There is a woman by the edge of a forest who keep seeing the edges of stories we know, watching from the house she's cleaning as Elaine floats by or the Wild Hunt passes. There are women almost swept away by deer in human form, and regret not going. There are selkies who wash up on a shore not at all like what they were expecting. There are women artists in the early 20th century making compromises for studio time and art shows. There are women trying to find magic in a city that tells them they have none. 

There are also a few stories about men. The one about the man who stole something from fairyland and would do anything to get it back. Or the young mam who makes his way into a substantially different (from the women's point of view) story of the Twelve Dancing Princesses. (Has anyone else seen the Peter Weller movie of the Twelve Dancing Princesses, other than me?)

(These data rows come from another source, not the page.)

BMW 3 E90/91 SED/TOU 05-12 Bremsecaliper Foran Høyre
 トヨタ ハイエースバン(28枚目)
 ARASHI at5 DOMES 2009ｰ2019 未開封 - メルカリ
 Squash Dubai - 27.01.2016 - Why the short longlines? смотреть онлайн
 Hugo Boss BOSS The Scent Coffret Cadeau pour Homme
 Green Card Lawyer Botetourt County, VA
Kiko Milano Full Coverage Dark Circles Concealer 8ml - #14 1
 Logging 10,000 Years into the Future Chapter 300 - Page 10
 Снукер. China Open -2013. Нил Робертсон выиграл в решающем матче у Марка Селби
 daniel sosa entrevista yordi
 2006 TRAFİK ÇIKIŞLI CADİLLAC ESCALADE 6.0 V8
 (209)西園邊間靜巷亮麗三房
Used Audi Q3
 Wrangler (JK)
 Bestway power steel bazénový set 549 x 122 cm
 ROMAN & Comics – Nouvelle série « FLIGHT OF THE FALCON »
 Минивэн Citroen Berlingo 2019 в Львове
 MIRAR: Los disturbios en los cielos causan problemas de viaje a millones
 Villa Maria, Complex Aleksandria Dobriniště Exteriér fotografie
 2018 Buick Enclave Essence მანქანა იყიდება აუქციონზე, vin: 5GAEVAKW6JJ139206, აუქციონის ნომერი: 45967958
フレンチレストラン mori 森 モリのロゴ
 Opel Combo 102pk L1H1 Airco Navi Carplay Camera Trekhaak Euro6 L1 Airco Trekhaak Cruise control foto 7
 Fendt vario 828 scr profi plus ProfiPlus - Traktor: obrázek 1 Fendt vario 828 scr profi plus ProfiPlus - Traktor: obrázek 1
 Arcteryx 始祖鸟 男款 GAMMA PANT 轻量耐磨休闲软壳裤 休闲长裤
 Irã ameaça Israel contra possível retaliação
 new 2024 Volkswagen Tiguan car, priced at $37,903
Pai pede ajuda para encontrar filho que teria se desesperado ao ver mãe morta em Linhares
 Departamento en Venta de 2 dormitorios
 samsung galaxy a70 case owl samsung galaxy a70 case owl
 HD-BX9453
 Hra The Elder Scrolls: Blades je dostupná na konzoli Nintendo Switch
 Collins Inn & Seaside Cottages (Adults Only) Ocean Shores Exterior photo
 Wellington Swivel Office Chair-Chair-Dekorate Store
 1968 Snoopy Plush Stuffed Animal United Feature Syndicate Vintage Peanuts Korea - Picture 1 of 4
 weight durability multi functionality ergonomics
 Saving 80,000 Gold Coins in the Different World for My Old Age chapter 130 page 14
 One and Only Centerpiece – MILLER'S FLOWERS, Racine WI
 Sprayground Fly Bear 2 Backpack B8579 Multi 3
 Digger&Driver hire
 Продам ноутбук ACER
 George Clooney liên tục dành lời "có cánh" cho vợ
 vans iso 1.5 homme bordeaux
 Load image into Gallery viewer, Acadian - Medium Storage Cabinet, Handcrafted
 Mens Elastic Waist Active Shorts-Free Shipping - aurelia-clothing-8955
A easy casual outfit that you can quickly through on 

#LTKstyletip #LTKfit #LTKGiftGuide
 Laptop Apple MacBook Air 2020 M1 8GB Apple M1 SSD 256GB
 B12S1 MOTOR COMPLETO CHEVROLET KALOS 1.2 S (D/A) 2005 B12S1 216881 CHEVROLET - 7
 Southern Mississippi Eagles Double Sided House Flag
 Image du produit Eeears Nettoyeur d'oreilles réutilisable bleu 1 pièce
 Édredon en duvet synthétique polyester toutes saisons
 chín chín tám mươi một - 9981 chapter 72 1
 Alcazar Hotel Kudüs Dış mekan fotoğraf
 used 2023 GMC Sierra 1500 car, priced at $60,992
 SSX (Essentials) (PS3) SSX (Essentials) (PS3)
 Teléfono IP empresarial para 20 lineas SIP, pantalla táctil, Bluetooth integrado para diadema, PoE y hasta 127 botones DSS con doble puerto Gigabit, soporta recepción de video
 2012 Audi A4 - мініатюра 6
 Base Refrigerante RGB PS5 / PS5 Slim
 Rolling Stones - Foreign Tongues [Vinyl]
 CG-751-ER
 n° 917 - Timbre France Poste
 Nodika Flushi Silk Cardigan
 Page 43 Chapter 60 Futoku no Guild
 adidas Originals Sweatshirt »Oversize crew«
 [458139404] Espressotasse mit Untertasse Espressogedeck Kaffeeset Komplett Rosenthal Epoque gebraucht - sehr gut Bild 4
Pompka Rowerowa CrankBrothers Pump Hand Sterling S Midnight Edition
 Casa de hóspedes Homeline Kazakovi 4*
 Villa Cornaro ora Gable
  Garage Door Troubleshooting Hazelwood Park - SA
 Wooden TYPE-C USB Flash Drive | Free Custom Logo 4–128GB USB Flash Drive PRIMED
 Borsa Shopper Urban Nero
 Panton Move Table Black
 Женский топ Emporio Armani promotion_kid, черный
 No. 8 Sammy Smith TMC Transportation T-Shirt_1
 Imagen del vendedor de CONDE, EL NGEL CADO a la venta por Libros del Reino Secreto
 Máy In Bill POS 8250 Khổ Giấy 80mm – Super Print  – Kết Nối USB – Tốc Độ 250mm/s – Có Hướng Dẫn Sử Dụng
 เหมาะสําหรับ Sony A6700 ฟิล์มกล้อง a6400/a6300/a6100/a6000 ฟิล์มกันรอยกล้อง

There are also stories of being on the margins because you're torn between worlds, between denying heritage or claiming heritage or saying fuck heritage and going out to find power yourself. 

They're beautifully written, and most have a deliberately fairy tale feel, but then within that McKillip is exploring themes of belonging, of being an outsider, with a feeling that outsiders see more, perceive more, and are more able to make their own choices whether to belong or to tell everything they are told to go to hell. 

I'm not sure what else to say - I find it hard to review short story collections because each individual story is over before I have time to think about it thoroughly. It helps when they hang together on a theme as these so obviously do.

As we all know, I love fantasy based on fairy tales, and these in large part, count, although as many are about creatures of folklore - will-o'-the-wisps, and kelpies. Much of it has to be with being on the water, or in the liminal space between water and air, shore and sea. It's that space of possibility McKillip explores to great effect.